On my walks through Berlin in the fall of 2015, I noticed how the country had ensured that there were no statues of Hitler. The swastika sign was illegal across Germany. So too the Hitler salute. The city supported the Stolpersteine (tripping stones) initiative; there were plaques on street pavements, usually outside a house’s main entrance, commemorating deported Jewish residents. A line made of stones threaded through the city where once the wall used to be. I was awed by how a city could impose its views on its people subtly and subliminally. I recalled George W. Bush who said in a speech at the Smithsonian’s National Museum of African American History and Culture in Washington D. C., that “a great nation does not hide its history. It faces its flaws and corrects them.”

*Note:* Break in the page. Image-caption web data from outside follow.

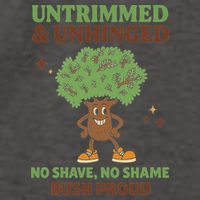 Untrimmed And Unhinged No Shave No Shame Bush Proud Funny Vector Backpack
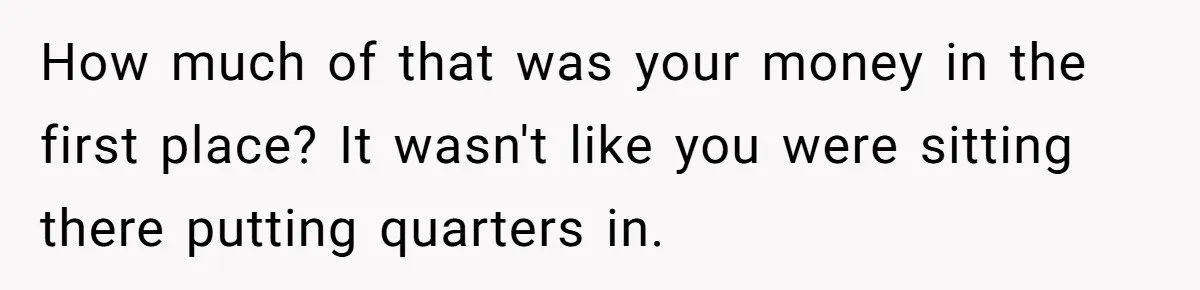 How much of that was your money in the first place? It wasn't like you were sitting there putting quarters in.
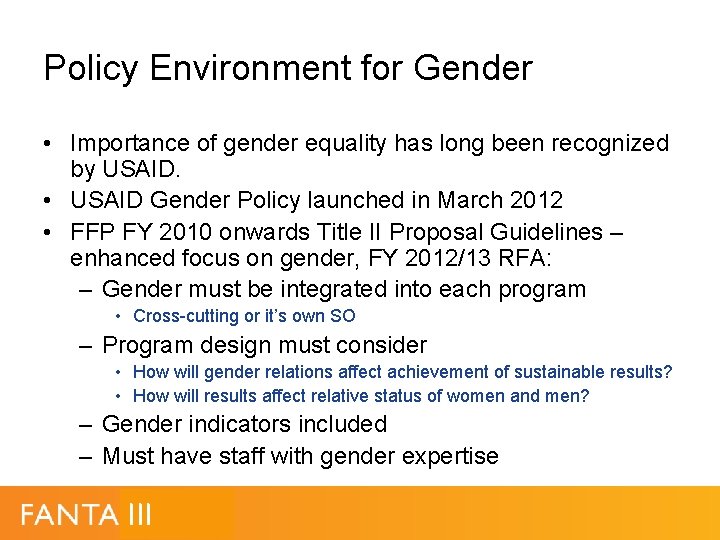 Policy Environment for Gender • Importance of gender equality has long been recognized by Policy Environment for Gender • Importance of gender equality has long been recognized by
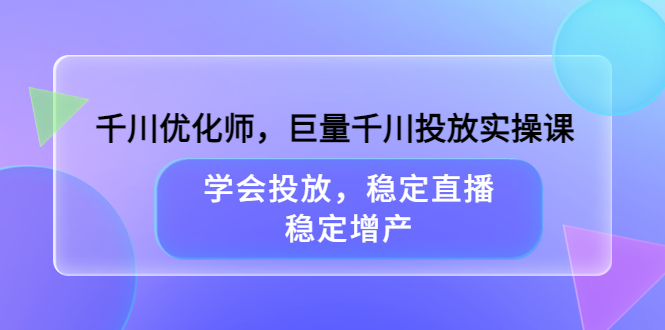 千川优化师，巨量千川投放实操课，学会投放，稳定直播，稳定增产_网创掘金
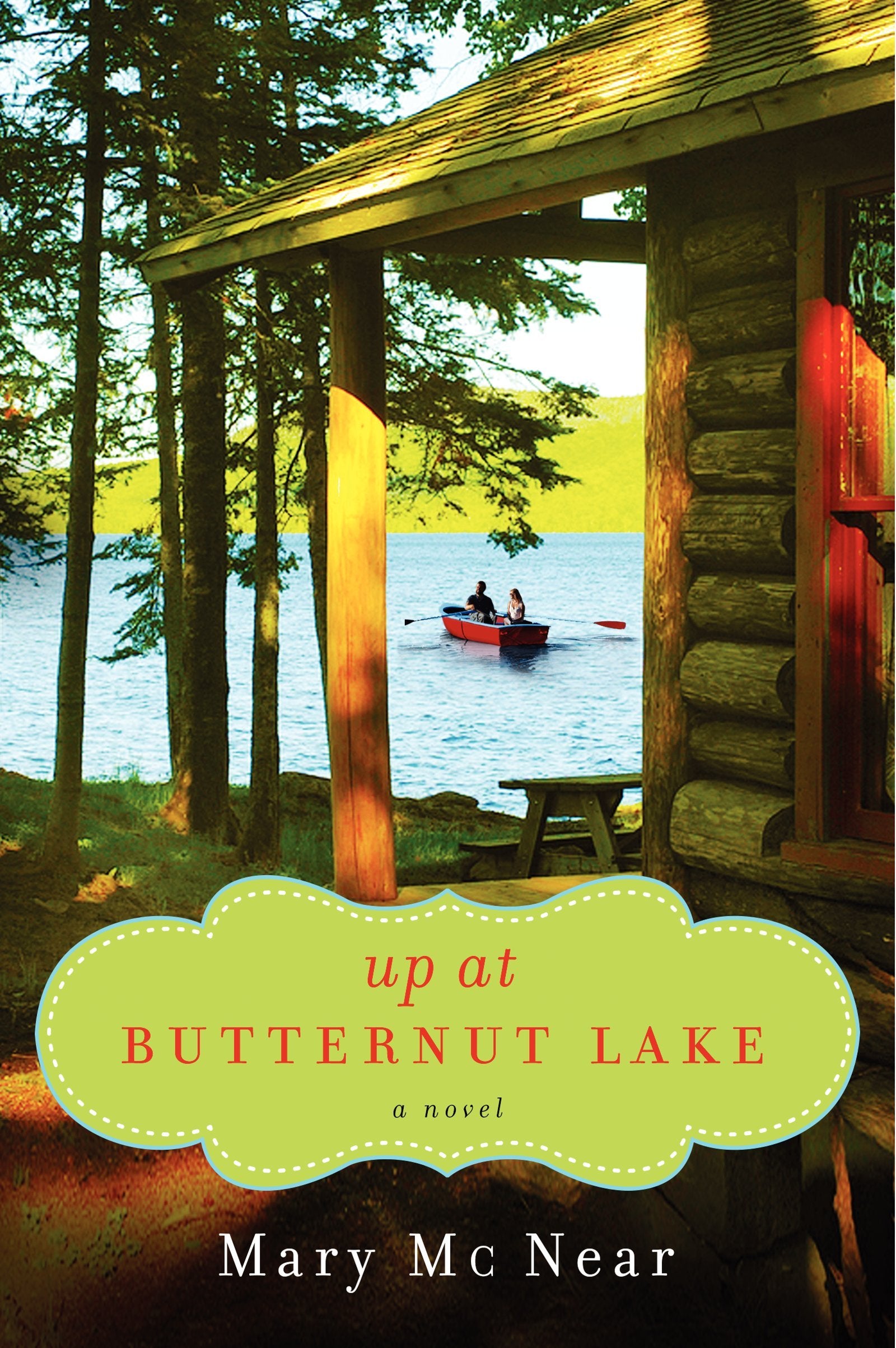 UP BUTTERNUT LAKE (A Butternut Lake Novel, 1),Used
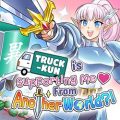 Truck-kun is Supporting Me from Another World?!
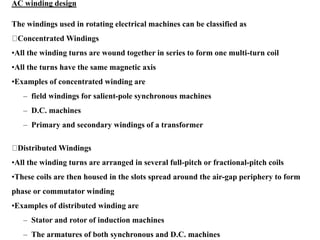 AC winding design
The windings used in rotating electrical machines can be classified as
Concentrated Windings
•All the winding turns are wound together in series to form one multi-turn coil
•All the turns have the same magnetic axis
•Examples of concentrated winding are
– field windings for salient-pole synchronous machines
– D.C. machines
– Primary and secondary windings of a transformer
Distributed Windings
•All the winding turns are arranged in several full-pitch or fractional-pitch coils
•These coils are then housed in the slots spread around the air-gap periphery to form
phase or commutator winding
•Examples of distributed winding are
– Stator and rotor of induction machines
– The armatures of both synchronous and D.C. machines
 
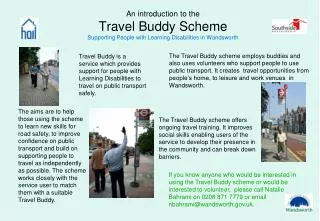 An introduction to Travel Buddy Scheme Supporting People with Learning Disabilities in Wandsworth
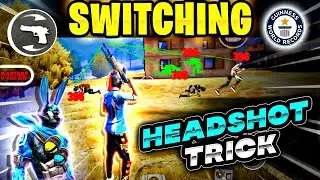 [SWITCHING] Fast Onetap Headshot Trick 🔥|| New Super Fast Onetap Headshot Technique| Headshot trick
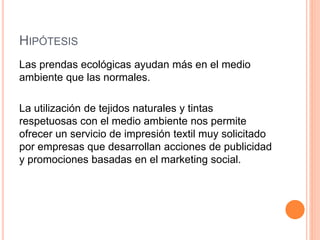 HIPÓTESIS
Las prendas ecológicas ayudan más en el medio
ambiente que las normales.
La utilización de tejidos naturales y tintas
respetuosas con el medio ambiente nos permite
ofrecer un servicio de impresión textil muy solicitado
por empresas que desarrollan acciones de publicidad
y promociones basadas en el marketing social.
 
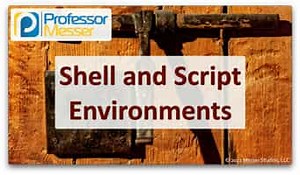 Shell and Script Environments - SY0-601 CompTIA Security  : 4.1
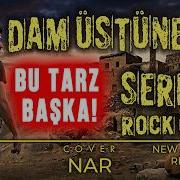 Dam Üstüne Çul Serer ROCK COVER En Yeni En Rock Yorum NAR NEW ANATOLIAN RHYTHM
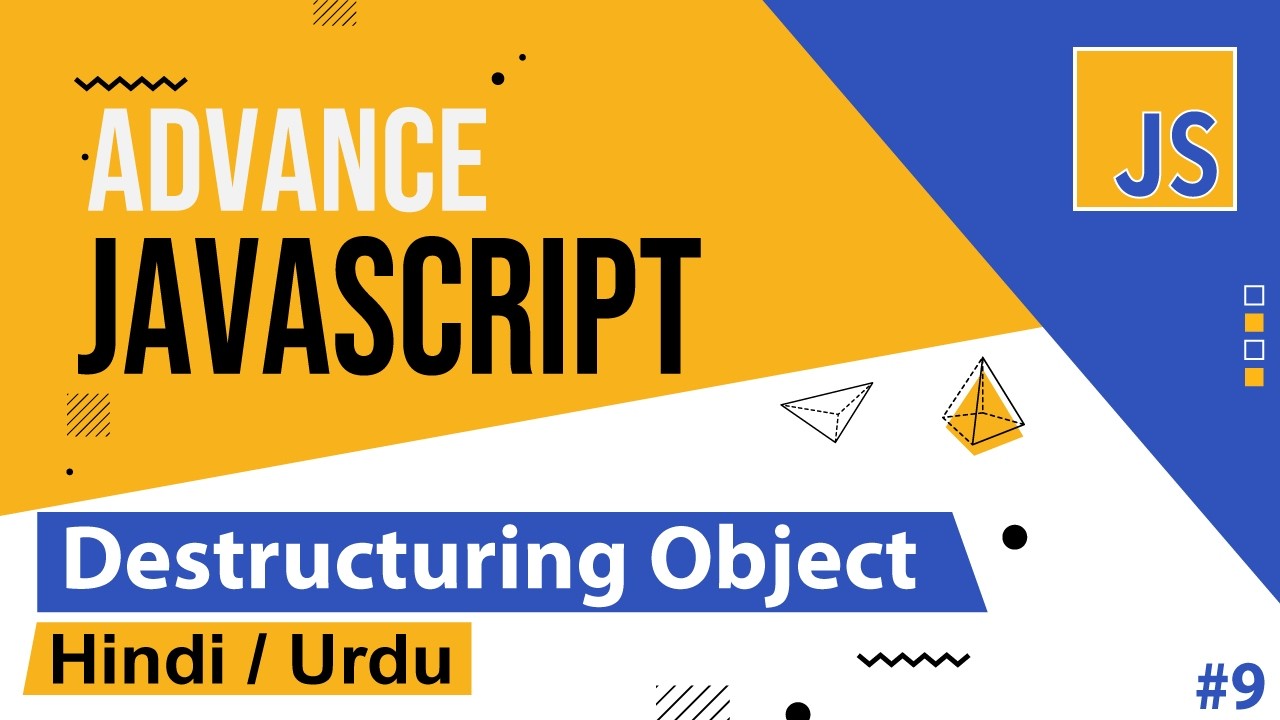 Advance Javascript - Destructuring Object Tutorial in Hindi / Urdu ...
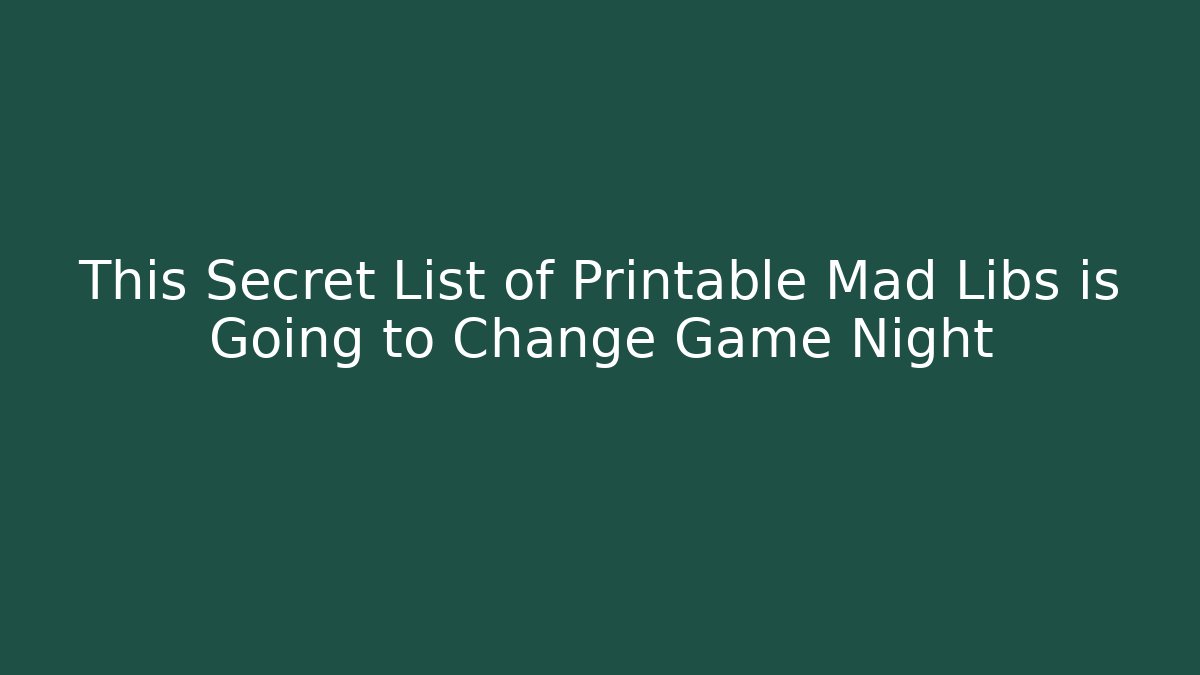 This Secret List of Printable Mad Libs is Going to Change Game Night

Much later that week in mid-August, I remembered that I hadn’t finished watching the entire Vice video report. I’ll never forget the last few minutes of the footage by when reporter Elle Reeve looked visibly shaken. That was when, in the privacy of his room Cantwell fished out each of his weapons from his person, calling out the weapon by its name—there were several pistols and assault rifles—and bragged about how well he had been prepared for the protest. “And oh…there’s the knife,” he said in the end, throwing the knife on the bed.

Life has been surreal since January. A toxin has been injected into the minds of people; it informs me that I am, literally, a resident alien, the “other.” I wonder: Will I be safe anymore in the country that nurtured me and gave me the freedom to express myself?